Do you teach a "normal" class? I am serious. The OW dive classes I see are so incredibly abbreviated that it is amazing that the students can master ANY gear.
I honestly think that trying to show a wide variety of gear types would be impractical and quickly reach diminishing marginal return, when applied in the current typical training setting. THAT is why I worry that presenting an overwhelming range of increasingly more complex gear configurations and options, might become noise.
All too many of OW students can barely work the BC, struggle with a mask clear and some can barely use fins in an efficient manner..
If you are running classes that far exceed the minimum requirements in time and you have the ability to do extensive "enrichment of the classes", then I think it is great..

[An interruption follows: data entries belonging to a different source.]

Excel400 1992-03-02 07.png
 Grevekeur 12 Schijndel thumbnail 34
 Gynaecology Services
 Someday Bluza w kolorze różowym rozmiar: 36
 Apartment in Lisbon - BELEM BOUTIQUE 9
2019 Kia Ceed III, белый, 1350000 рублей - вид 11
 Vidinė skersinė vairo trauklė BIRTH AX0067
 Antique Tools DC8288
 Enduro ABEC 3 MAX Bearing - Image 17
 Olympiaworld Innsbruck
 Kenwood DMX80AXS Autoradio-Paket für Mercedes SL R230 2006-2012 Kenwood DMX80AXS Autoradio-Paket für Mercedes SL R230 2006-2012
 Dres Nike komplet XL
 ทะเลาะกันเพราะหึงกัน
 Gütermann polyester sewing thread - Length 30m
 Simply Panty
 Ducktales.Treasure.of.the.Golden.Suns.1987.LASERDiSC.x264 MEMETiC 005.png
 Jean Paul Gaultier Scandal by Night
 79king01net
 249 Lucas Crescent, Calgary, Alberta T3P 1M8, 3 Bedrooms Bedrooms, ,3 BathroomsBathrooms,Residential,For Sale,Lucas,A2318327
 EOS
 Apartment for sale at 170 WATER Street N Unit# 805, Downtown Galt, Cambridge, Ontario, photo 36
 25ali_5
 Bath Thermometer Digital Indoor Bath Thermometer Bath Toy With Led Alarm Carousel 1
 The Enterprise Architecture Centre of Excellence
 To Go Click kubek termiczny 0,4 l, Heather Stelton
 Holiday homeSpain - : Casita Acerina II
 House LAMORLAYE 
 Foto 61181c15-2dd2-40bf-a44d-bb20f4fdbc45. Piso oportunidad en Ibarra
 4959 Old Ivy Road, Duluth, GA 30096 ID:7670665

It depends on what you consider normal and what you consider minimum standards to be. My normal class is 16 hours classrom and 16 hours pool spread out over 6-8 weeks. Normal includes buddy breathing, rescue skills, and things like the bailout and doff and don. These are normal under the standards of my agency. Anything less is abnormal and does not meet agency standards. Plus I add to those and have my own standards students must meet. ie- All basic skills horizontal and in midwater by the end of scuba session 2 while swimming, students do their own weight checks from session 3 on every class, students adjust weights as necessary in pool and on OW checkouts. Normal may be the wrong term to use when asking about classes taught by different instructors from different agencies in different parts of the country. A student of mine who could not manage buoyancy, trim, air shares,etc would not be going to OW.